Head of policy Charlotte Holloway said: “Other countries are investing in this. For example India has said it wants to create an IoT industry worth $15 billion by 2020.

“So we’re looking to the chancellor to make an investment in IoT in the UK to help make us a global leader. We’ve got all the ingredients in place but we need more from the government, for example backing major research projects.”

techUK added the government should establish 10-year budget cycles “to create a long-term funding base for science and innovation growth”.


Work to address the tech skills gap, a common bugbear of IT firms, is on the wish list for many companies today.

Michael Whitfield, CEO of software company Thomsons Online Benefits, said the shortage of tech skills in the UK is one of the firm’s biggest challenges and he’d like to see action from Osborne.

He suggested tax breaks could be offered to employers that sponsor IT students through university, or get apprentices and talented school leavers into the workplace.

Whitfield warned failure to ensure the UK has the necessary tech talent will “leave companies like Thomsons looking abroad for employees, and failing to make their maximum contribution to the British economy”.

Holloway also highlighted the importance of skills. She said: “We’re looking for action on STEM [science, technology, engineering and mathematics] skills. We think the chancellor could do more. We want him to incentivise domestic talent in the UK, especially at Masters level.”

Support for start-ups

Simon Hill, CEO of ideas management software firm Wazoku, would like to see more support for start-ups around cash flow.

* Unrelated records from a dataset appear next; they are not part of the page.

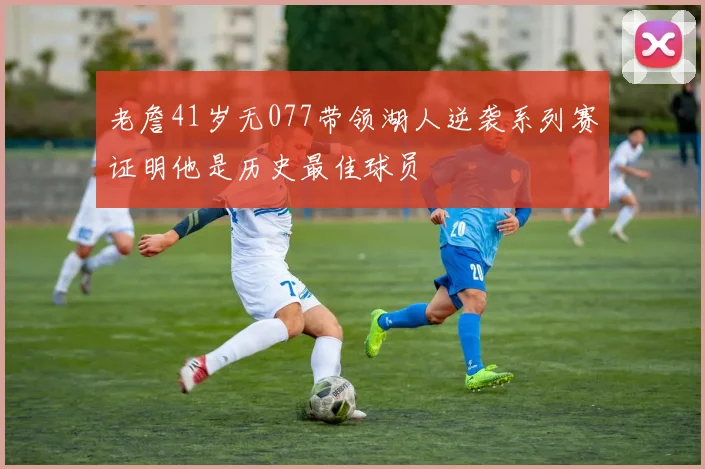 老詹41岁无077带领湖人逆袭系列赛证明他是历史最佳球员
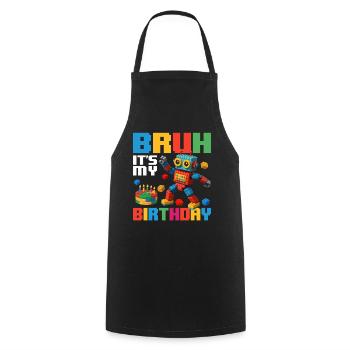 Bruh It’s My Birthday Funny Brick Builder - Cooking Apron - black - Front - AI Model Male 185 dark (185cm)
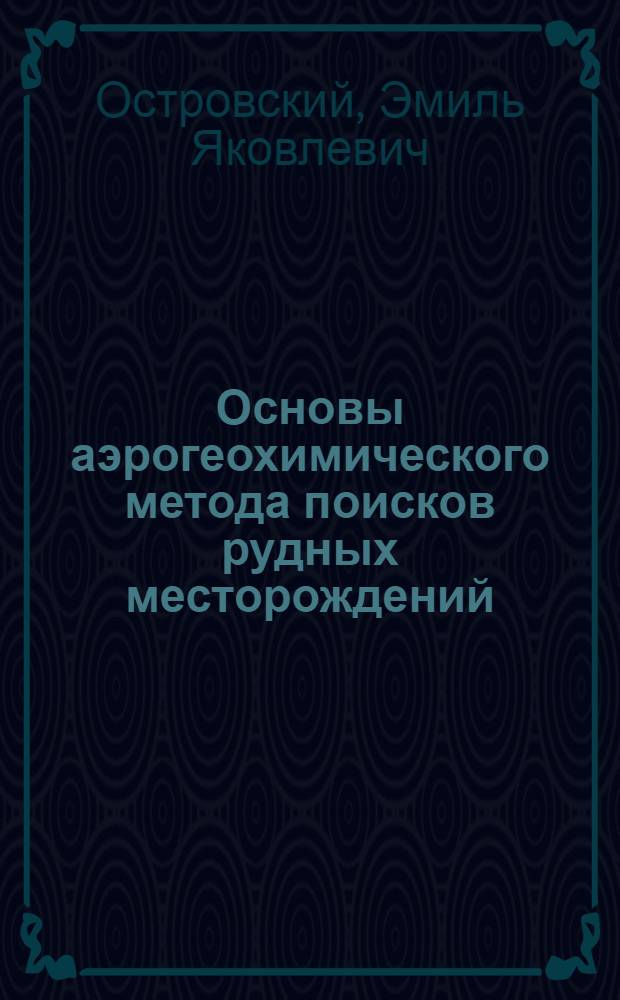 Основы аэрогеохимического метода поисков рудных месторождений : Автореф. дис. на соиск. учен. степени д-ра техн. наук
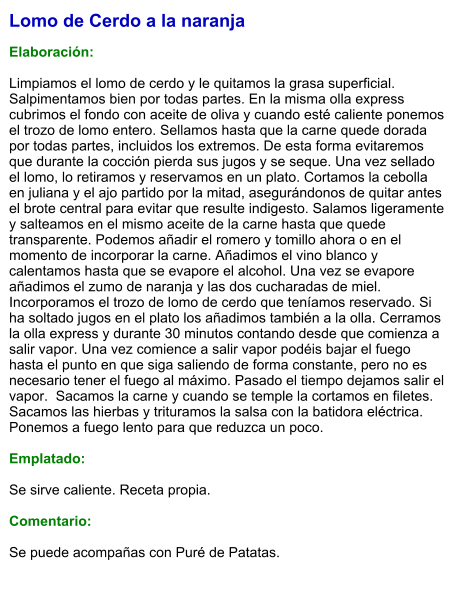 Lomo de Cerdo a la naranja  Elaboración:  Limpiamos el lomo de cerdo y le quitamos la grasa superficial. Salpimentamos bien por todas partes. En la misma olla express cubrimos el fondo con aceite de oliva y cuando esté caliente ponemos el trozo de lomo entero. Sellamos hasta que la carne quede dorada por todas partes, incluidos los extremos. De esta forma evitaremos que durante la cocción pierda sus jugos y se seque. Una vez sellado el lomo, lo retiramos y reservamos en un plato. Cortamos la cebolla en juliana y el ajo partido por la mitad, asegurándonos de quitar antes el brote central para evitar que resulte indigesto. Salamos ligeramente y salteamos en el mismo aceite de la carne hasta que quede transparente. Podemos añadir el romero y tomillo ahora o en el momento de incorporar la carne. Añadimos el vino blanco y calentamos hasta que se evapore el alcohol. Una vez se evapore añadimos el zumo de naranja y las dos cucharadas de miel. Incorporamos el trozo de lomo de cerdo que teníamos reservado. Si ha soltado jugos en el plato los añadimos también a la olla. Cerramos la olla express y durante 30 minutos contando desde que comienza a salir vapor. Una vez comience a salir vapor podéis bajar el fuego hasta el punto en que siga saliendo de forma constante, pero no es necesario tener el fuego al máximo. Pasado el tiempo dejamos salir el vapor.  Sacamos la carne y cuando se temple la cortamos en filetes. Sacamos las hierbas y trituramos la salsa con la batidora eléctrica. Ponemos a fuego lento para que reduzca un poco.  Emplatado:  Se sirve caliente. Receta propia.  Comentario:  Se puede acompañas con Puré de Patatas.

He said: “Raising capital and ongoing cash flow remain the biggest issues for most start-ups, so an expansion of the Enterprise Investment Scheme and Seed Enterprise Investment Scheme to facilitate investments more readily via trusts and pensions, would be a real help to early stage businesses.”

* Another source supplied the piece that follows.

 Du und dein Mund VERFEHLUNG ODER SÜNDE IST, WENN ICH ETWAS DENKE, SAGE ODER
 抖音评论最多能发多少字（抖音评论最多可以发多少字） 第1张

Financial services giant KPMG said small businesses were being put off seeking funding by a fragmented and difficult-to-navigate marketplace.

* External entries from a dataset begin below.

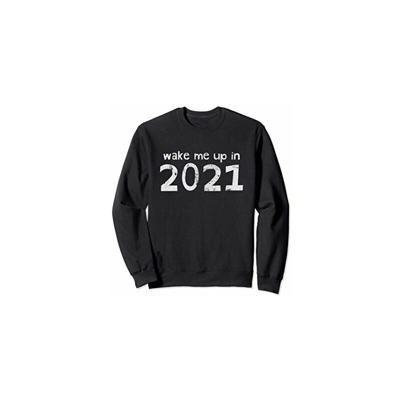 Wake Me Up in 2021 Light Felpa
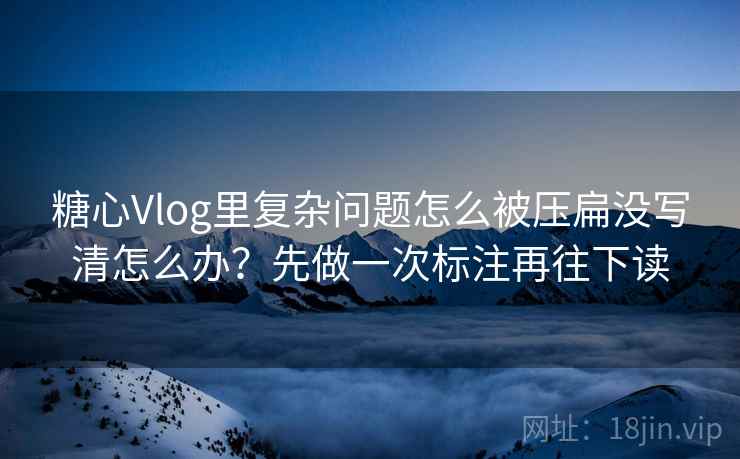 糖心Vlog里复杂问题怎么被压扁没写清怎么办？先做一次标注再往下读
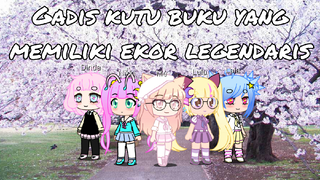 Gadis kutu buku yang memiliki ekor legendaris~ Cerita singkat gacha club💙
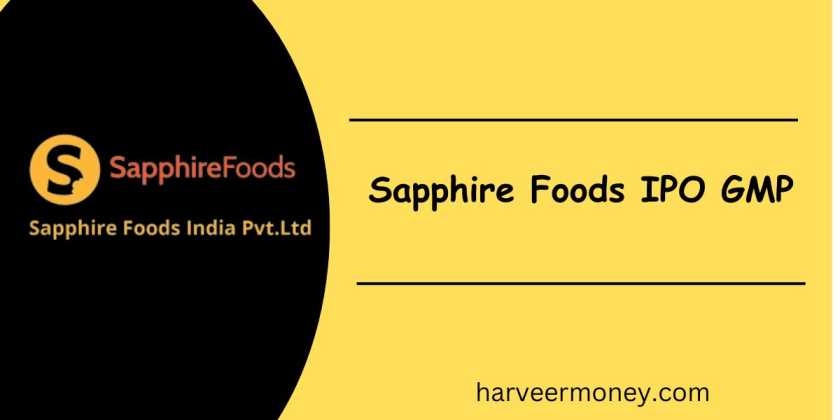 Sapphire Foods IPO GMP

Iain Moffatt, head of KPMG Enterprise, said: “Greater clarity around or a simplification of the myriad of schemes and incentives available would be incredibly welcome.”

Holloway agrees that help for SMEs is in order. She suggested boosting the Small Business Research Initiative (SBRI). The SBRI is a government scheme worth £200 million to public sector challenges with innovative ideas from SMEs.

Holloway said: “We called for its funding to be doubled in our manifesto. It represents a real opportunity to focus on high-growth companies, start-ups and firms doing very innovative things with the public sector.”

Cut business rates

Telecoms repair company Comtek and cloud accounting technology firm Xero suggested tax relief could be one route to help tech firms.

Xero said it wants the current business rate relief (for businesses with a rateable value of below £18,000 a year) to be doubled beyond March 2015.

Comtek went even further, calling for the government to “overhaul the entire process” of business rates rather than just provide relief for certain organisations.

TechUK added that it backed the CBI’s call for the government to ‘supercharge’ research and development tax credits.